= Tommy Carberry =

Irish jockey and trainer (1941–2017)

Thomas Carberry (15 September 1941 – 12 July 2017) was an Irish jockey who rode mostly in National Hunt races. He was Irish jump racing Champion Jockey four times. He is best known for winning the 1975 Grand National on L'Escargot. He rode a total of 16 Cheltenham Festival winners, including L'Escargot in the 1970 and 1971 Gold Cup and Ten Up in the 1975 Gold Cup. After retiring from race riding in 1982 he became a trainer and in 1999 saddled Bobbyjo to win the Grand National.

==Career==
At the age of fifteen Carberry was apprenticed to trainer Jimmy Lenehan and rode his first winner on Ben Beoch in 1958. He went on to win the champion apprentice jockey title in 1959. He then moved to the yard of National Hunt trainer Dan Moore, where he remained as stable jockey for the rest of his career. In 1962 he rode his first winner at the Cheltenham Festival on the Moore-trained Tripacer in the Supreme Novices' Hurdle.

Carberry won the 1970 and 1971 Cheltenham Gold Cup on L'Escargot, trained by Moore and owned by Raymond Guest, former American ambassador to Ireland. In 1972 he partnered L'Escargot in the Grand National but did not get further than the third fence, where the horse was brought down.
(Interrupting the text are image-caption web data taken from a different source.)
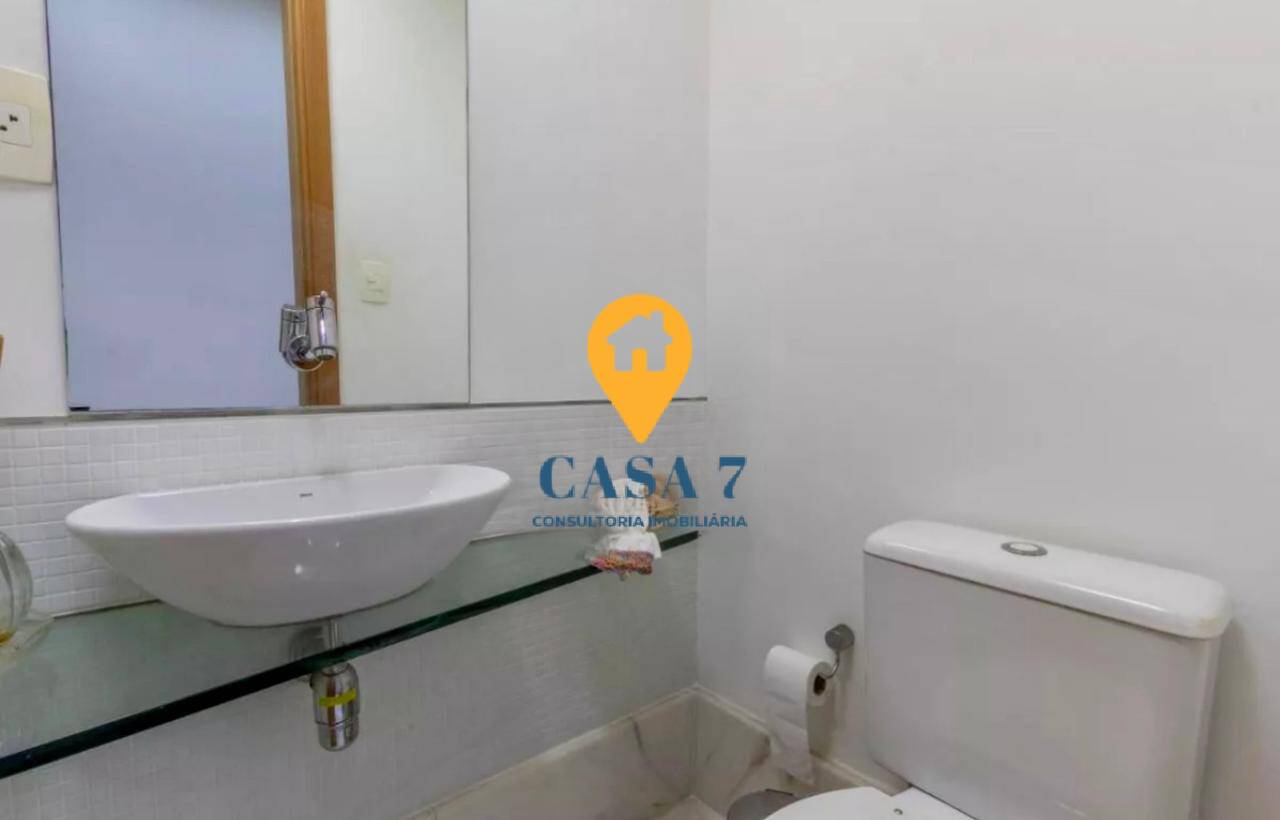 Apartamento à venda com 4 quartos, 134m² - Foto 12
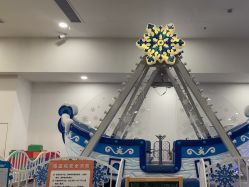 -宝燕乐园(春申店)
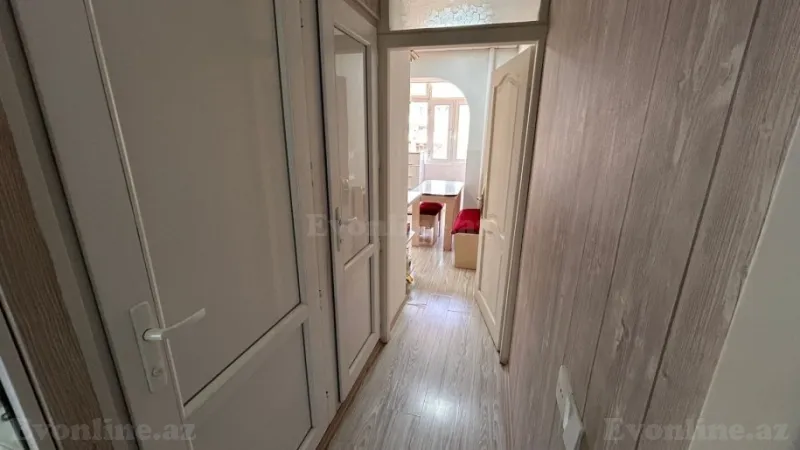 Satılır 4 otaqlı Mənzil Köhnə tikili 110 m² 9-cu mikrorayon - şəkil 6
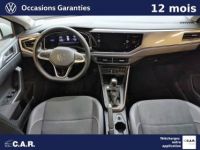 Volkswagen Polo 1.0 TSI 95 S&S DSG7 Style - <small></small> 23.490 € <small>TTC</small> - #6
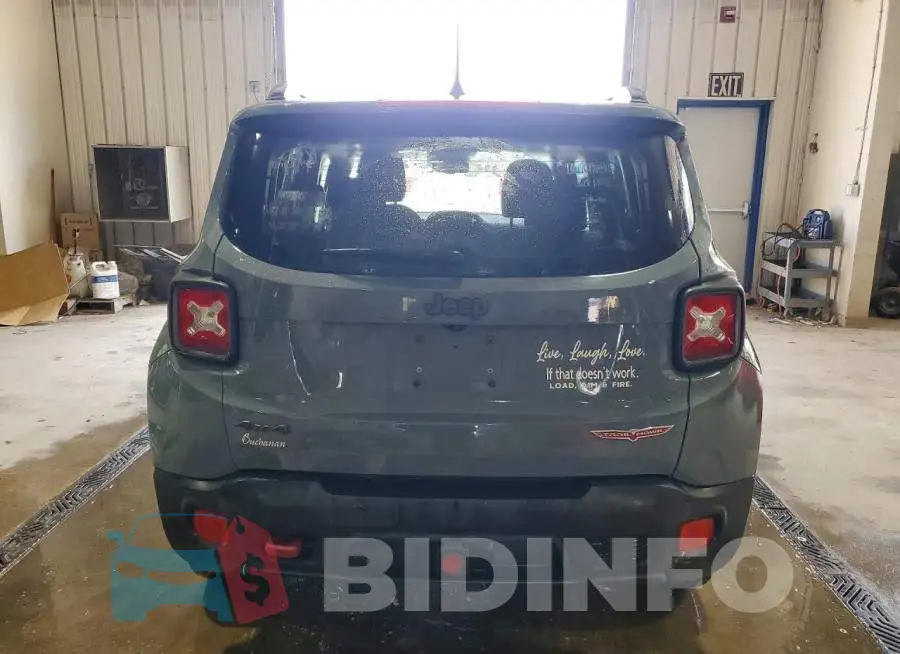 ZACCJBCB9HPE45717 Photo# 6
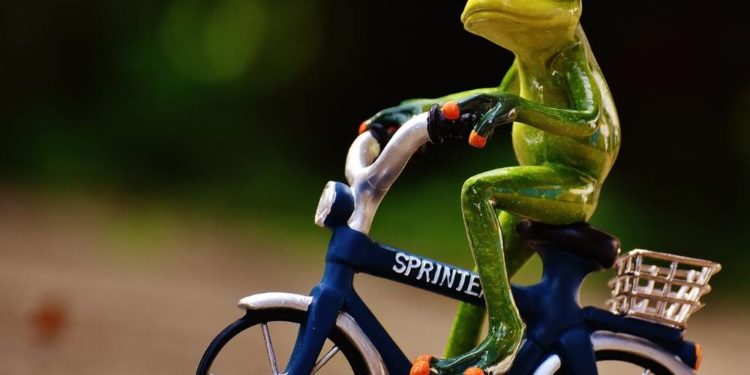 Kultur auf Dorf-Tour – Mitmachkonzert mit Olli Ehmsen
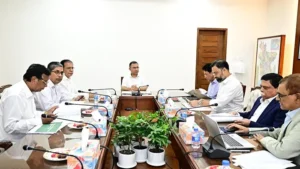 প্রতিটি ইউনিয়নে খেলার মাঠ গড়ার নির্দেশ প্রধানমন্ত্রীর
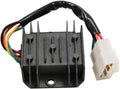 One spannungsregler voltage regulator 5 pins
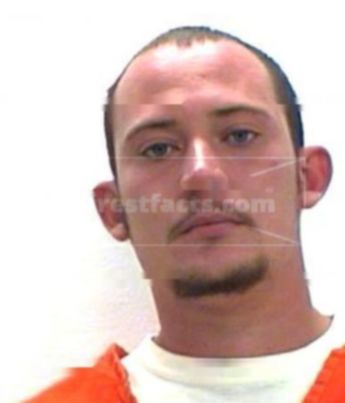 Michael Odell Christman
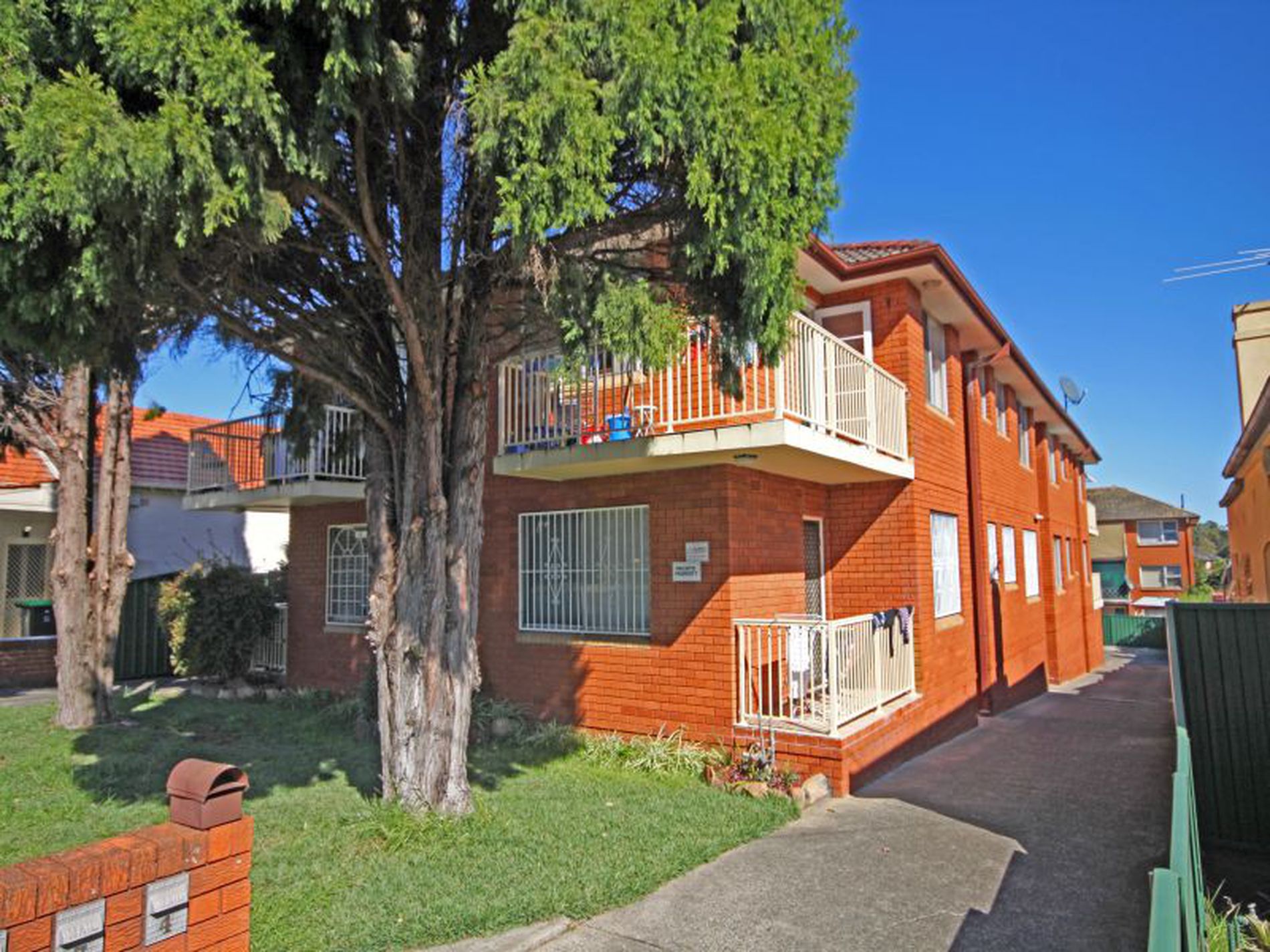 4 / 26 Garrong Road, Lakemba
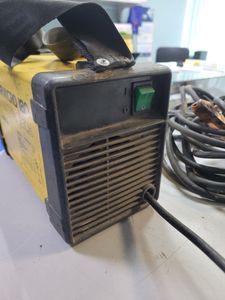 Б/в Зварювальний апарат Deca mma starmicro 180 01-200868906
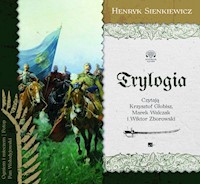 Trylogia - Henryk Sienkiewicz - audiobook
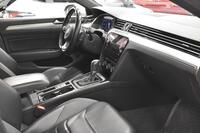 Volkswagen Arteon vaihtoauto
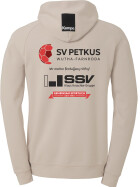 SV Petkus Wutha-Farnroda Hoodie beige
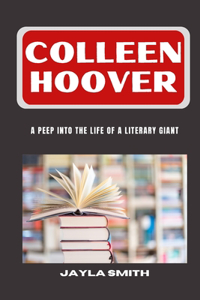 Colleen Hoover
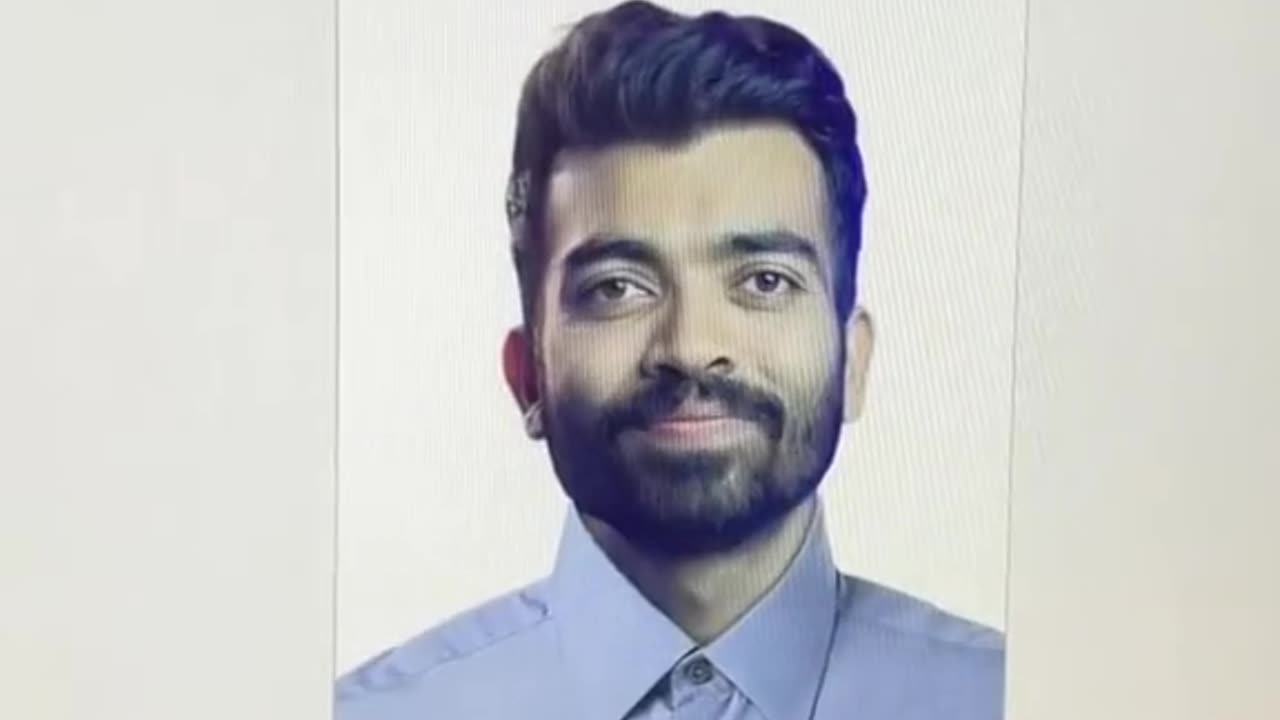 Instant passport size photo on your phone.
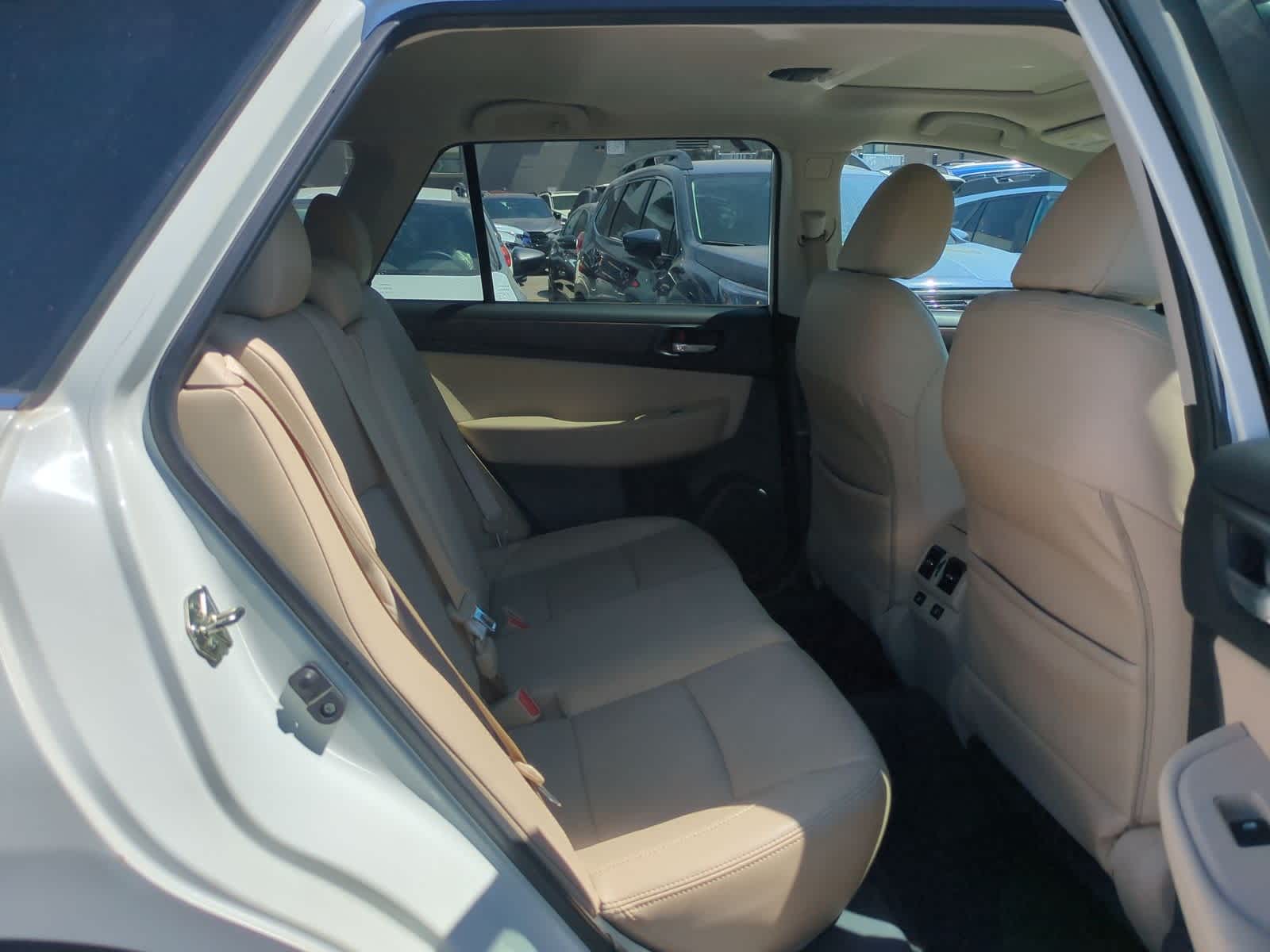 Thumbnail: 2015 Subaru Outback - 22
In the 1973 Grand National they came third, the following year they came second and in 1975 they won the race. Carberry also won the 1975 Irish Grand National on Brown Lad and the 1975 Cheltenham Gold Cup on Ten Up, thus becoming the first jockey to win the Aintree and Irish Grand Nationals and the Cheltenham Gold Cup in a season.

Carberry won a total of sixteen races at the Cheltenham Festival, his final victory coming in 1982 on The Brockshee, in the Arkle Challenge Trophy. He was Irish champion jump jockey in 1973, 1974, 1975 (joint) and 1976. He also rode on the flat, winning the Irish Champion Stakes on Fordham for trainer Vincent O'Brien in 1979.

After retiring as a jockey following injury in a fall in 1982, Carberry began training at Ratoath, County Meath. He saddled the winner of the 1999 Grand National Bobbyjo, ridden by his son Paul Carberry. It was the first time an Irish trained horse had won the race since L'Escargot in 1975. Bobbyjo also won the 1998 Irish Grand National.

==Personal life==
Born near Ratoath, County Meath, Carberry married Pamela Moore, the daughter of trainer Dan Moore, in 1970. Their children are: Thomas, Paul, Philip, Nina, Mark and Peter John. Paul won the 1998 Irish Grand National and the 1999 Aintree Grand National on Bobbyjo, trained by his father. Philip won the Irish Grand National in 2006 and Nina won in 2011. Mark is the only one of Tommy's children that was not a jockey or trainer. Carberry died after suffering a stroke and battling dementia on 12 July 2017, aged 75.